The picture Kay and Shipman paint is dire. Women across the spectrum, it seems, hesitate to put themselves up for promotion, ask for pay rises or voice their ideas. Even the most successful apparently suffer from “imposter syndrome”, chalking their achievements up to being in the right place at the right time. Indeed, in a recent survey of British managers, half the women – but less than a third of the men – admitted to feeling insecure about their job performance. A study of Hewlett-Packard employees found that women applied for promotion only when they met 100 per cent of the job requirements, whereas men were comfortable putting themselves up for promotion if they met just 60 per cent of the criteria.
“Underqualified and underprepared men don’t think twice about leaning in,” say Shipman and Kay. “Overqualified and overprepared, too many women still hold back. Women feel confident only when they are perfect.”
Although we can’t stop talking about women’s lack of confidence, that might not be doing us any favours.
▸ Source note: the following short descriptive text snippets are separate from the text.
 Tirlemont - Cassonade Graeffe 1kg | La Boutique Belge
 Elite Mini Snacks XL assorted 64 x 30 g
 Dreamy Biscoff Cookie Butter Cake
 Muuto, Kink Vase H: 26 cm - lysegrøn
The confidence crusaders believe that if they make women aware of the problem they will adjust their behaviour. But in propagating the idea that confidence is a masculine trait, women like Sandberg, Shipman and Kay make self-assured women feel even more like outliers – and perpetuate the very stereotype they want to dismantle.
Arguing that a problem ought to be ignored rather than confronted may be unusual, but confidence is a hard-to-define concept. Shipman and Kay offer a few practical tips – sit up straight, hold your chin up, get more sleep – but ultimately the key to confidence is self-deception. Convincing yourself you’re better than you think is a complicated exercise in doublethink, and, for women, those mental gymnastics only get harder the more we’re exposed to the stereotype that we’re the less confident gender.
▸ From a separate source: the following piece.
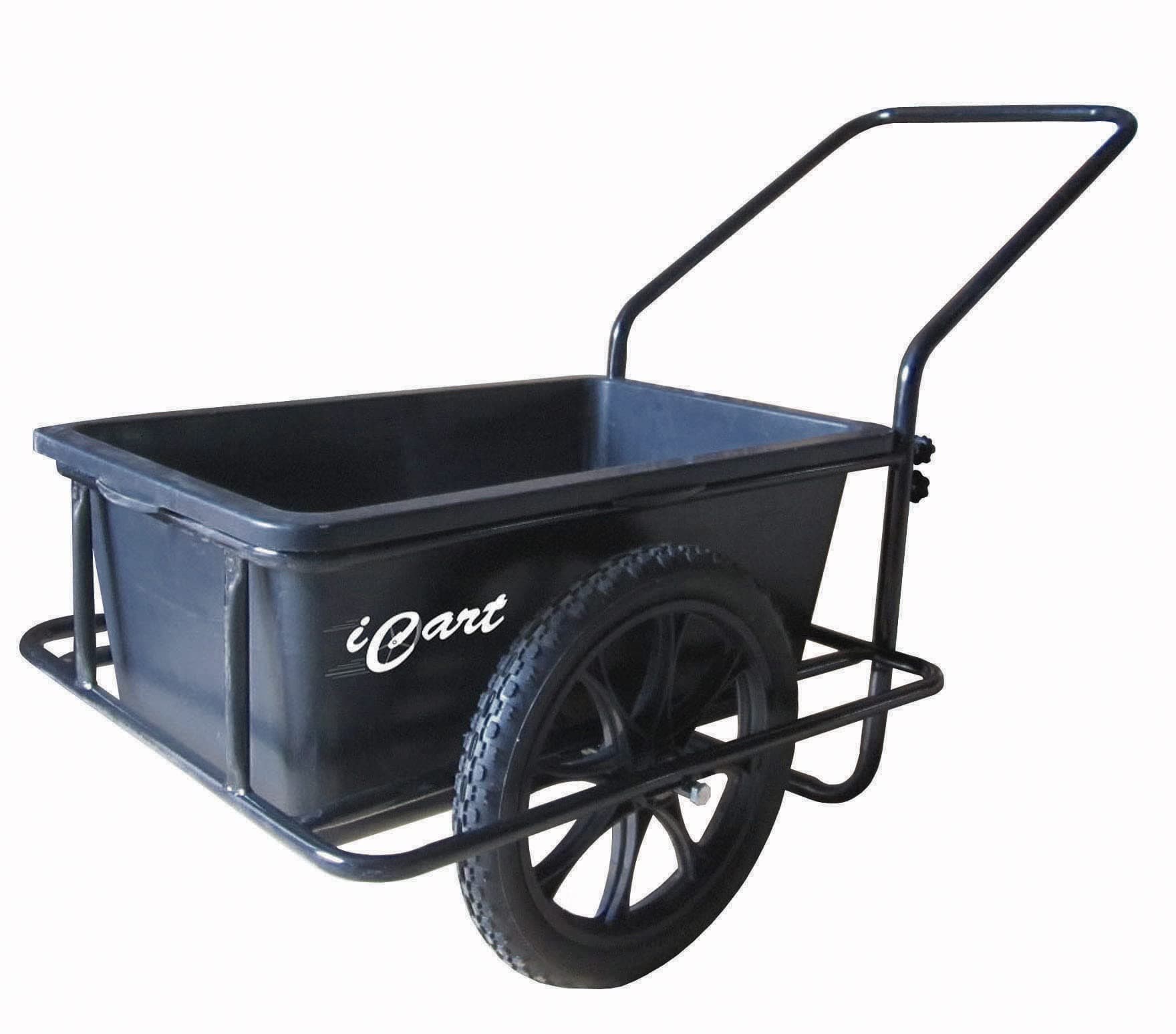 Dock Edge + iCart Dockside Pneumatic Tires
Study after study has found evidence for “stereotype threat”: people conform to the set ideas that are applied to them. The effect is especially strong when people are actively reminded of those ideas. In one study, men and women with a similar background in maths were set a series of problems. One group was told that men and women performed about the same on this test; another group was told that men tended to score higher. In the group that was “gender-primed” men outperformed women, but the differences disappeared when the subjects were told the scores didn’t vary by gender. In another experiment, psychologists made women play an online game of chess against an unseen opponent. When the women were told that their opponent was male, they played more defensively and were less likely to win. Their performance dropped even further if the researchers reminded them of the stereotype that women are bad at chess.
There are many situations in which awareness leads to meaningful change. But by bombarding us with evidence that women are less confident than men, proponents of the “confidence gap” are doing women a disservice.